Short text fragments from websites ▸
--- START ---

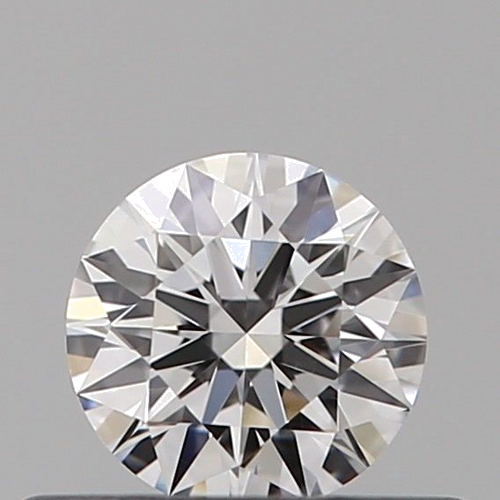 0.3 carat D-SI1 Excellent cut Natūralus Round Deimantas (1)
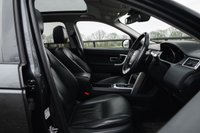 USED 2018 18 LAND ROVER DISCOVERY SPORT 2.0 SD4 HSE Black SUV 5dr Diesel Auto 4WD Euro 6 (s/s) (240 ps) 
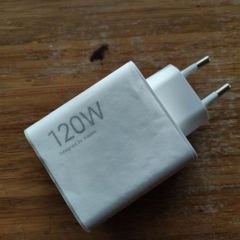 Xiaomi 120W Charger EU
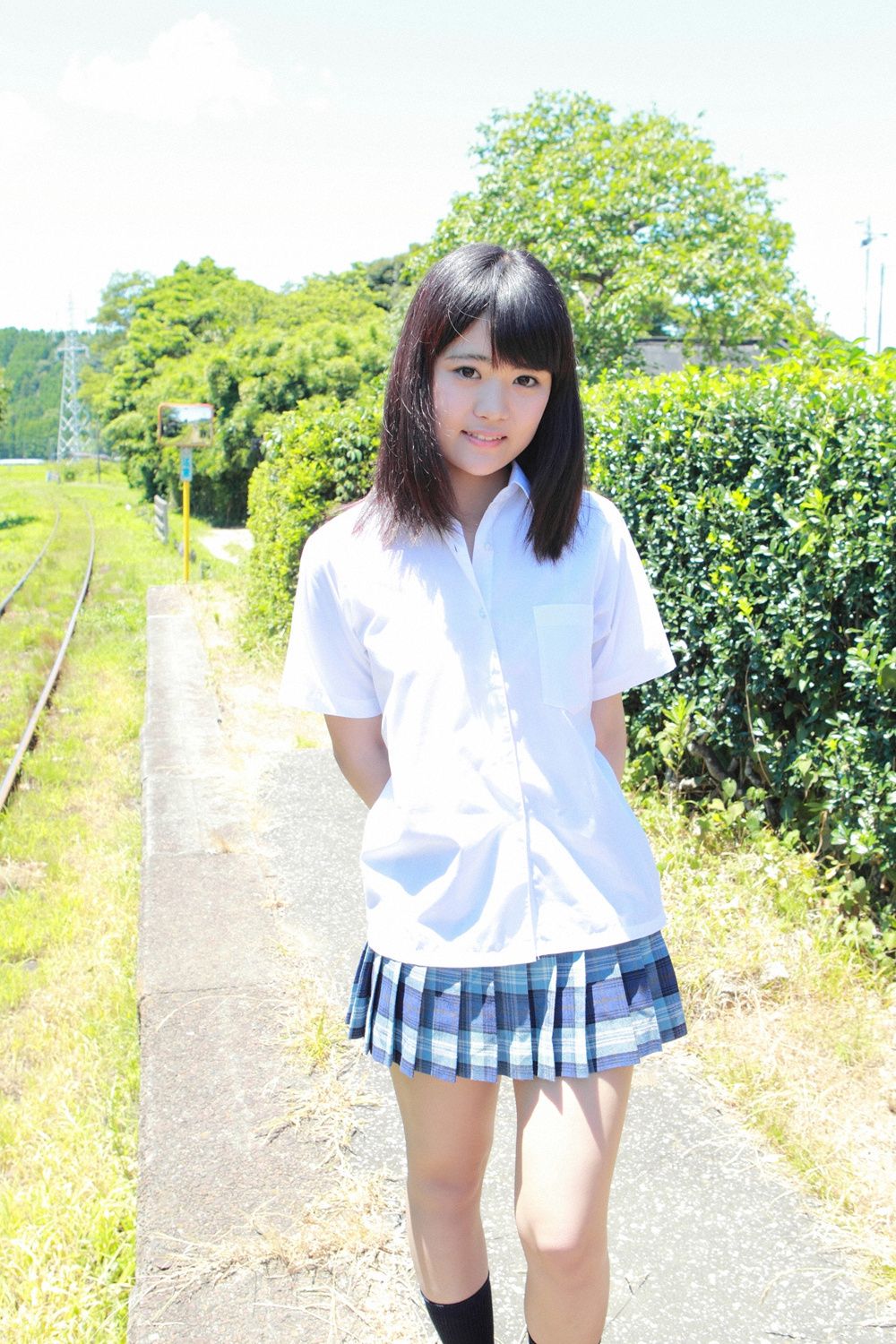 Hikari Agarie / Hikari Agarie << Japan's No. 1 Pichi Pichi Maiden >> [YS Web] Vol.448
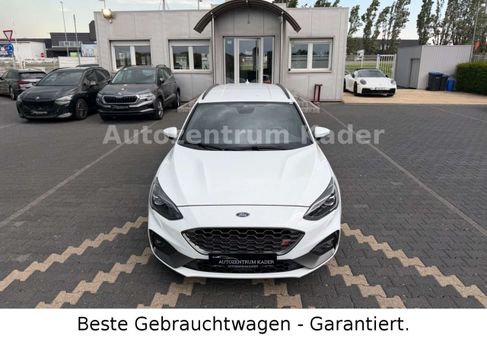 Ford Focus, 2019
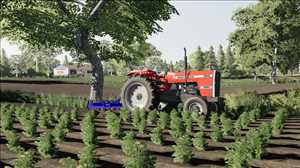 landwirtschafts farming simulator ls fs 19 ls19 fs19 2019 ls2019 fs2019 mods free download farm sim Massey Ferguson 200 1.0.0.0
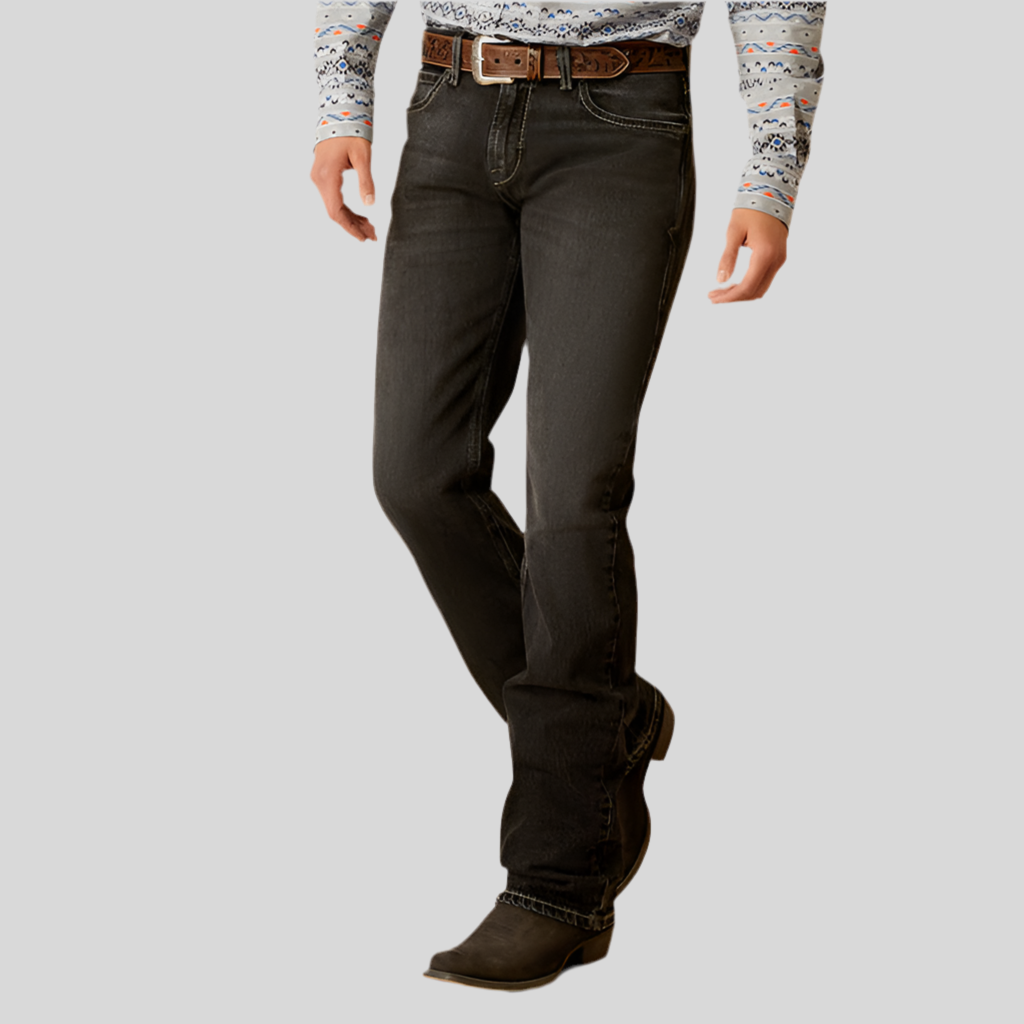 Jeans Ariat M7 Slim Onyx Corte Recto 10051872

--- END ---

About this task ▸ A verbatim copy is needed of the lines running from the line with "Xiaomi 120W Charger EU" to the end of the data above, both included. Keep the pictures out of it.

Answer to this task ▸
 Xiaomi 120W Charger EU
 Hikari Agarie / Hikari Agarie << Japan's No. 1 Pichi Pichi Maiden >> [YS Web] Vol.448
 Ford Focus, 2019
 landwirtschafts farming simulator ls fs 19 ls19 fs19 2019 ls2019 fs2019 mods free download farm sim Massey Ferguson 200 1.0.0.0
 Jeans Ariat M7 Slim Onyx Corte Recto 10051872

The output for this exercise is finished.